Haudenosaunee attempts to remain neutral in the European conflicts that were carried to their soil during the colonial era met with limited success and they had a pattern of creating ties with both sides in any dispute (Richter, 1992). Following the American revolution of 1784, the part of the Haudenosaunee Confederacy that had allied with the British moved north with the Empire Loyalists. The League of Nations applicants were descendants of those accompanying the Mohawk war chief Thayendanegea. Known in English as ‘Joseph Brant’, Thayendanegea’s older sister, Konwatsi’tsiaienni or ‘Molly’, was the widow of Sir William Johnson, the first British Superintendent of Indian Affairs. The Haudenosaunee were a matrifocal society in which women could remove public representatives from office and decide whether or not to go to war. In their efforts to keep their ‘Indian allies’ on side, the British continued to seek Konwatsi’tsiaienni’s diplomatic support long after Johnson’s death (Huey & Pulis, 1997; Thomas, 1996; Johnston, 1964). It was not until Europeans had established themselves as the majority in North America and the Anglo-American border was settled that the strategic importance of ‘Indian allies’ began to wane.

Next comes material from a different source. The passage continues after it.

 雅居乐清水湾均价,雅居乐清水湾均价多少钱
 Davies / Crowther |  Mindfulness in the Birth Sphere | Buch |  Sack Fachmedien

The territory occupied by the part of the Haudenosaunee Confederacy that led the application for membership in the League of Nations had been guaranteed to them by General Haldimand. It was seen as a replacement for the traditional homeland along the Mohawk River near Albany, New York that had been lost as a result of their British military alliance during the American Revolution7 . Originally designated as being six miles wide on either side of the Grand River from Lake Erie to its head, the ‘Six Nations’ territory cut through the heart of what was to become one of the richest parts of Canada, including the modern cities of Brantford, Waterloo and Kitchener. However, confusion over the legal status of this territory coupled with a laissez faire attitude towards squatters on the part of Upper Canadian officials led to the dissipation of most of the land during the 1800’s under circumstances that can only be described as unjust (Harring, 1998). Despite these difficulties, the Six Nations people managed to maintain a functioning government. They adapted to the colonial environment, modifying their traditional institutions to manage all of the normal concerns of an agricultural community. At Six Nations, the Haudenosaunee Confederacy Council met regularly in their brick council house to look after a full range of community business, including tenders for road and school construction, dispute settlement and the welfare of orphans and the disabled. In the eyes of the Indian Department they were a model reserve under the authority of the Superintendent of Indian Affairs, though from their own perspective they were simply managing their own business independently as had always been their custom.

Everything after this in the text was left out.